While customers who already have Huawei phones according to Reuters, will still be able to use all Facebook apps and receive regular updates, newer phones being made by the Chinese phone maker will, however, be denied access. What this means is that Facebook, Instagram, Messenger, and WhatsApp will no longer come preinstalled in the new phones.
Once this becomes a trend, then it won’t be long until other social media apps like Twitter, Snapchat, and the likes take similar action against Huawei. For now, Twitter has not issued any statement or taken any action towards that line, but I guess it won’t come as a shock when they eventually do.
Citing a person familiar with the matter, Reuters reports that the Facebook ban only applies to Huawei currently still in the company’s factory.

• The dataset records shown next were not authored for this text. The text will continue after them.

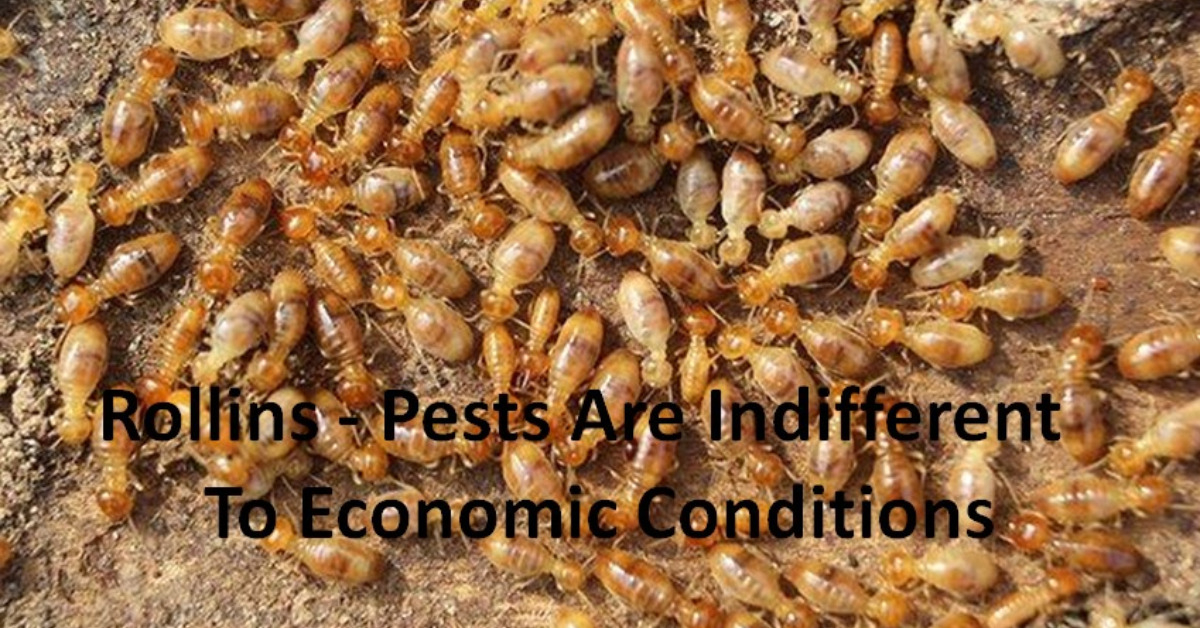 Rollins - Pests Are Indifferent To Economic Conditions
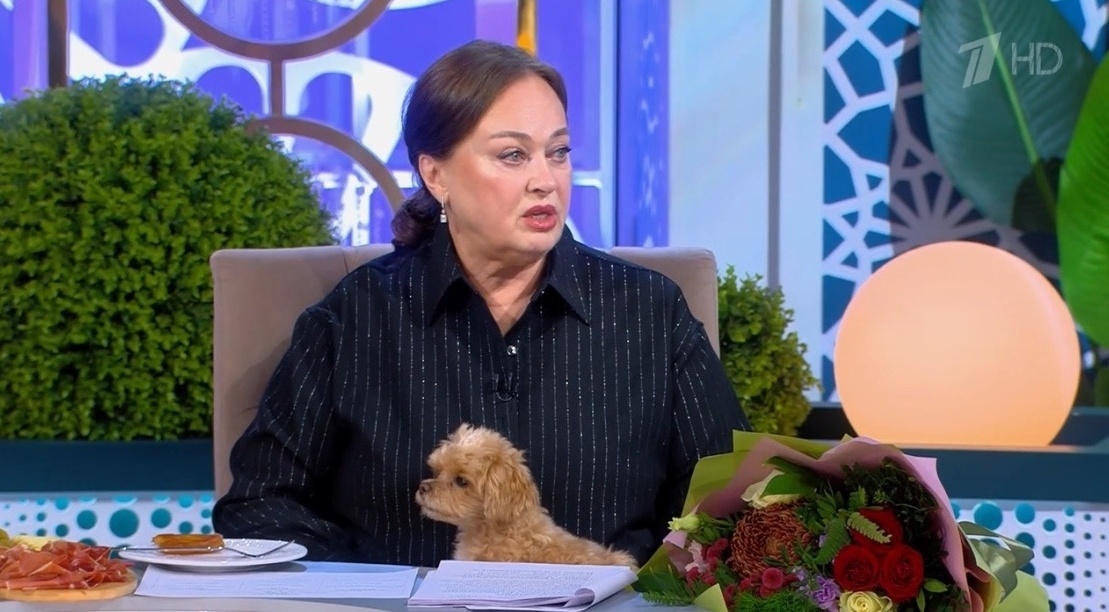 Жалко, что про собачку, которая с Гузеевой ведёт программу, забыли. Фото Яндекс.Картинки.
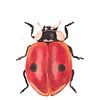 Print van een lieveheersbeestje, bijzondere insecten illustratie van Angela Peters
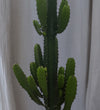 Euphorbia Trigona Cactus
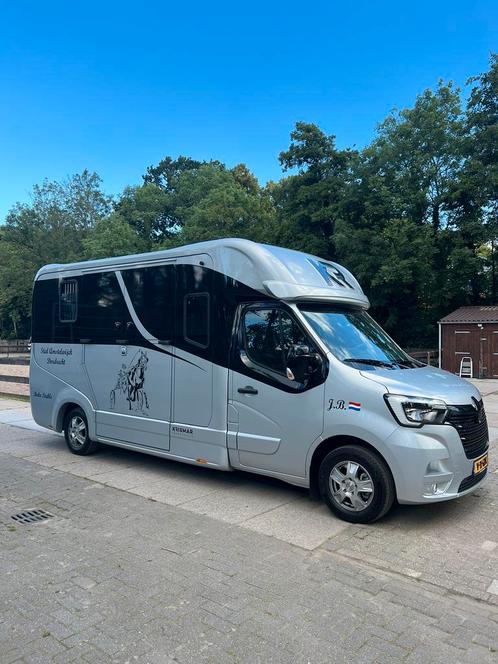 Te Huur vanaf 75€ halve dag, Dieren en Toebehoren, Paarden en Pony's | Dekhengsten en Fokmerries, Hengst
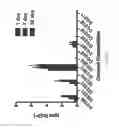 Fig. 43 - Germanium-based glass polyalkenoate cement
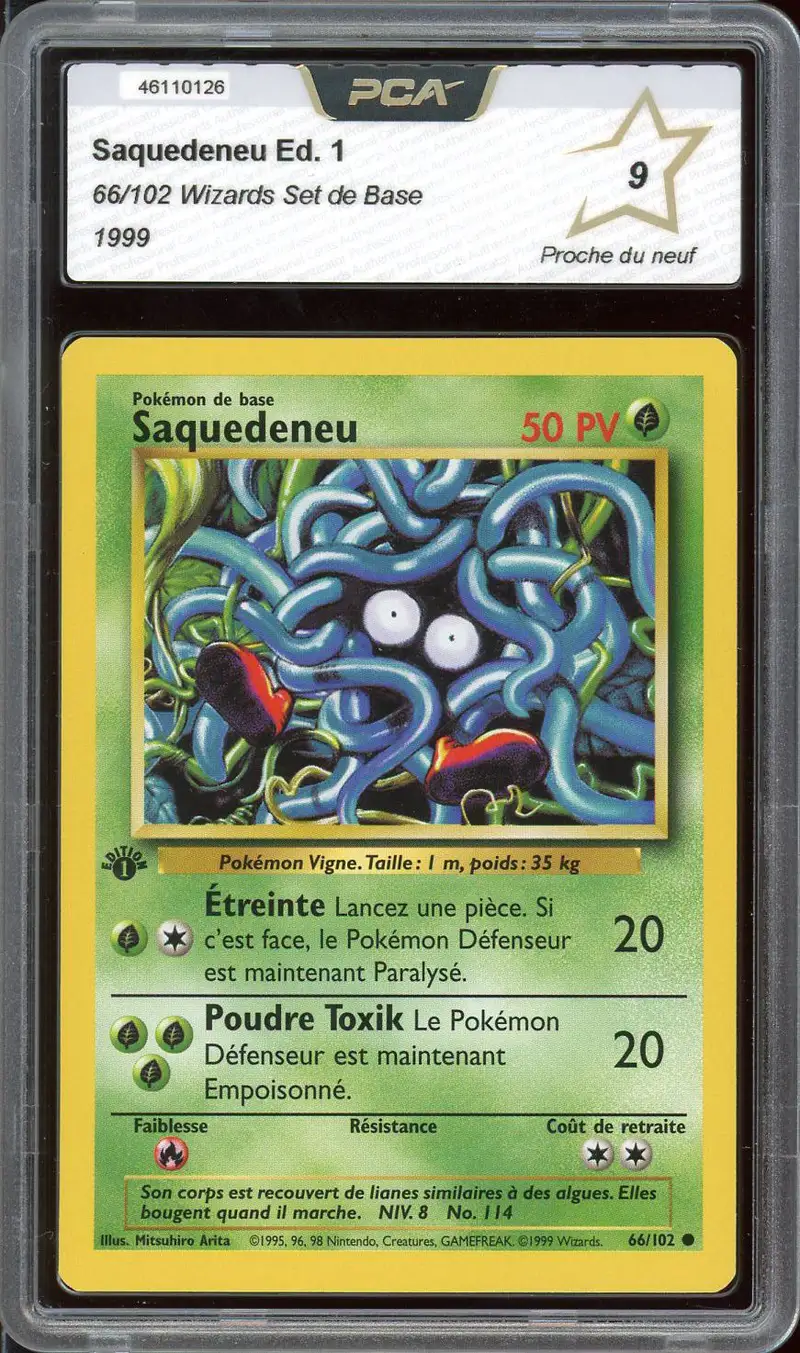 PCA 9 Saquedeneu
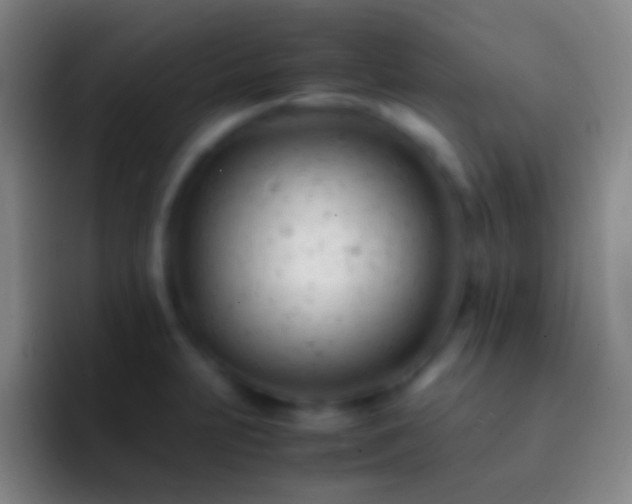 X0000092311231200709211243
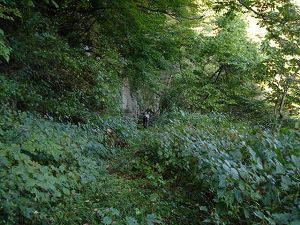 ��詓�7-6�^ORR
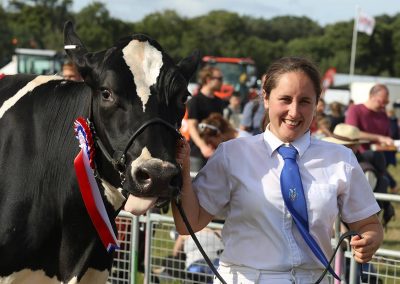 Usk Show Cattle 2021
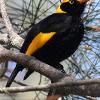 Regent Bowerbird, male (Saltwater NP 2014)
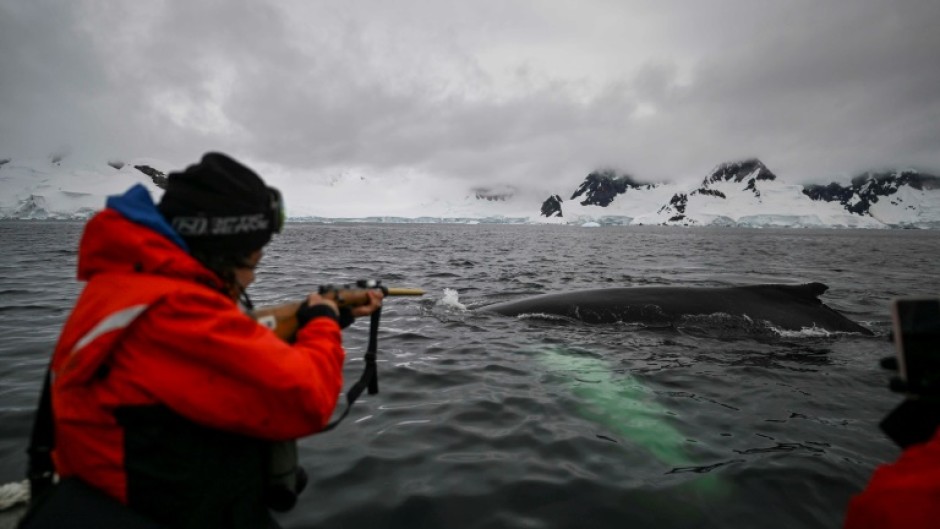 Later on his excursion, Mojica finds himself surrounded by humpback whales. When a tail or back pokes out of the rough waters he carefully takes aim with his rifle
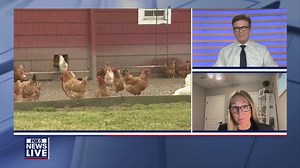 Avian flu in Georgia: Risks, treatment and effects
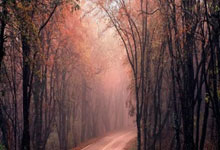 2024属龙清新脱俗气质的女孩名字(精选15个)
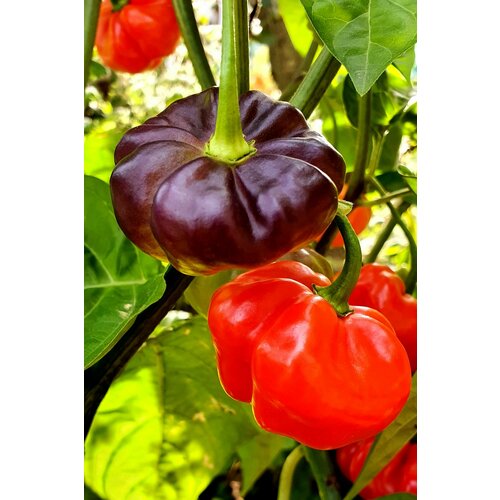         (Aji Cachucha Purple Splothed) / Seeds And Goods /   zip-lock   10    -     , -, 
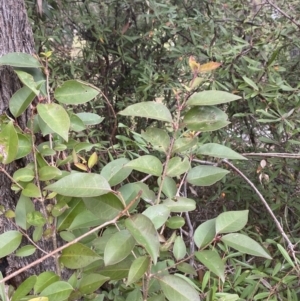 Ligustrum lucidum at Garran, ACT - 23 Jun 2023 11:30 AM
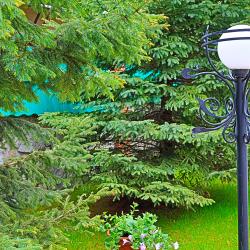 Фото Отель Беркут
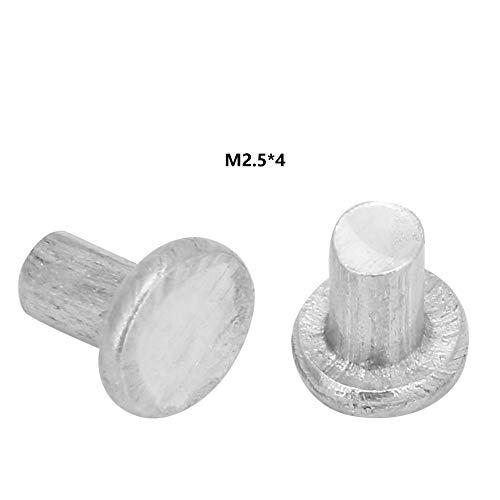 1 Satz M2,5 * 3/4/5 mm Nieten Flachkopf-Aluminiumnieten Senkkopf-Vollnieten Befestigungsnieten für die Industrie (M2.5 * 3) von Kelepu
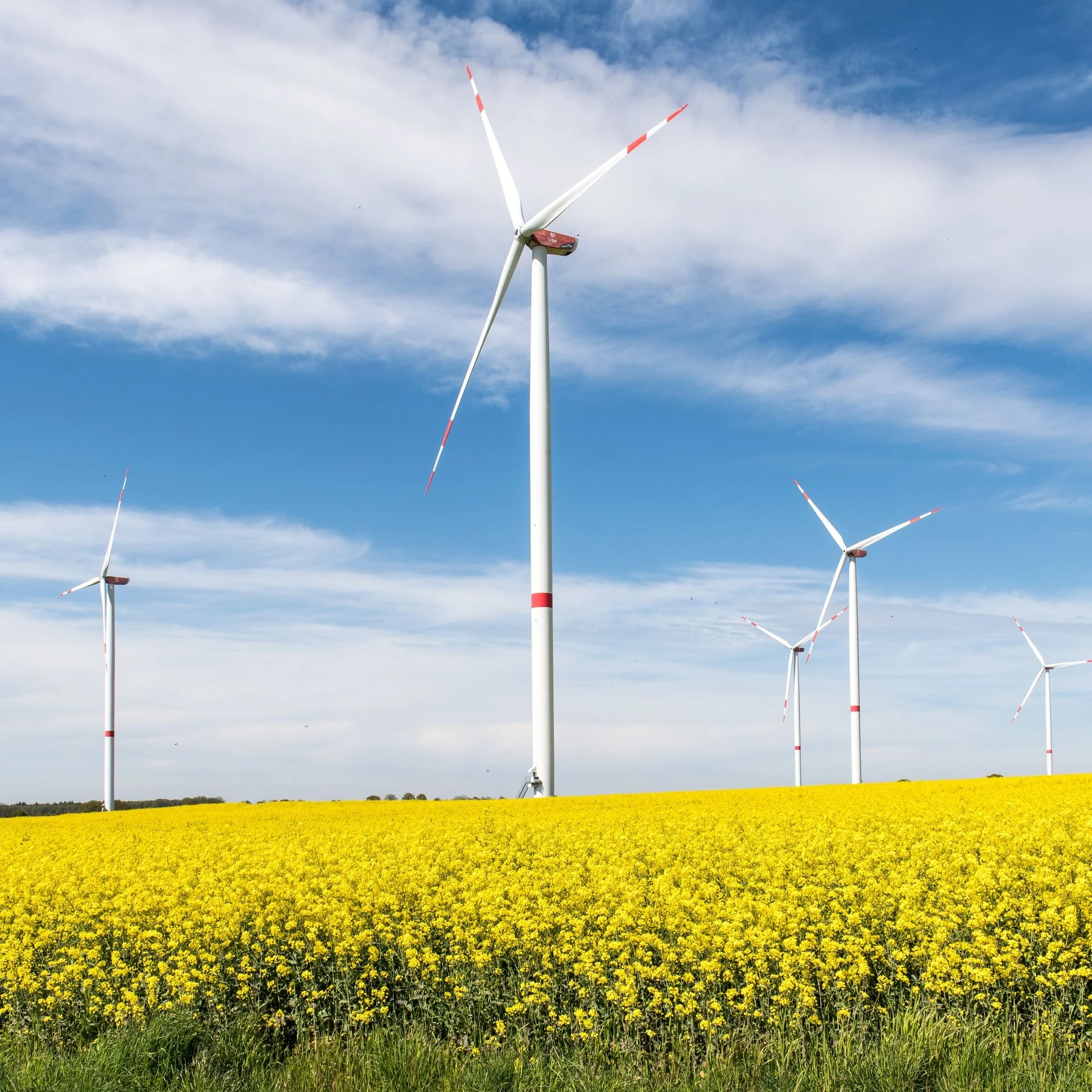 Idyllic view of wind turbines amidst a vibrant rapeseed field in Lauenburg, Germany. Photo by Wolfgang Weiser via Pexels.com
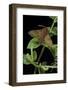 Deilephila Porcellus (Small Elephant Hawk Moth)-Paul Starosta-Framed Photographic Print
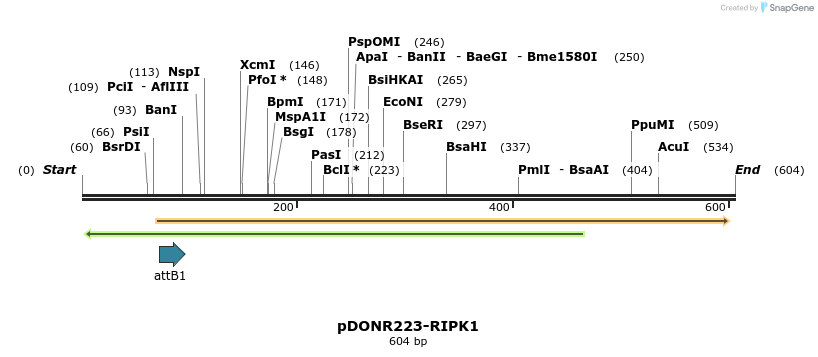 29262_map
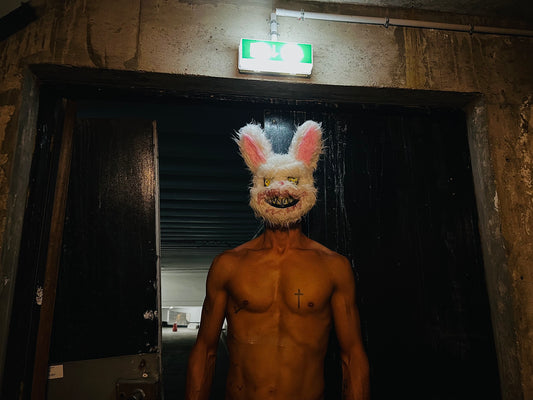 LE LAPINEUR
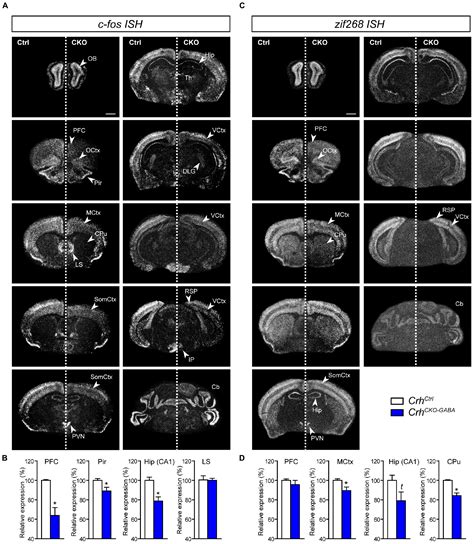 Frontiers Deletion Of Crh From Gabaergic Forebrain Neurons Promotes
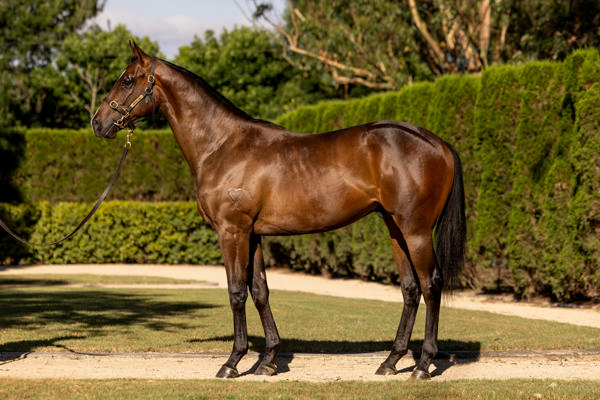 Torryburn Stud - Gold Coast Yearling Sale Lot 1183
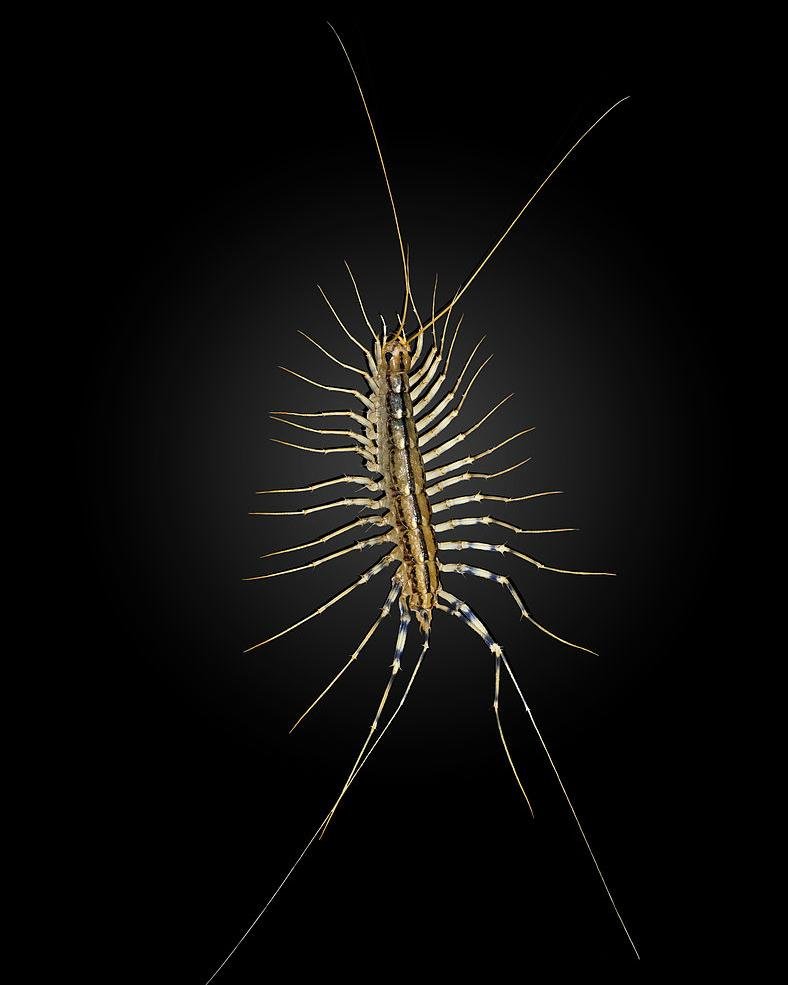 草鞋底（一种虫子）的学名是什么？有什么生活习性？可以入药吗？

Not the best of times for Huawei, the world’s second biggest phone manufacturer. Should the ban by the US remain in place, things are bound to get even worse for the Chinese company as more organizations may follow in lin.
In compliance with the US ban, Huawei’s major suppliers based in the US such as Micron, Qorvo and Lumentum have all suspended supplies to the company. The list of companies complying with the order is expected to increase even beyond the US, which could have serious damaging effect on the company’s businesses globally.
While the possibility of the Chinese company developing its own standard cannot be ruled out, the fact remains that this would only work within China because going overseas would mean accepting the standard of others.
On the international scene, Huawei’s ordeal could affect the fragile economic relations between the US and China. The Trump administration has never been in good terms with Beijing, and has championed policies that seems hostile to the Asian country.
The effect of a China retaliation could also be devastating especially for Apple and other major tech companies doing business within the Asian country. Another possibility, which may not bode well for the US could be China developing its own standards, which could be more attractive to tech companies within the country.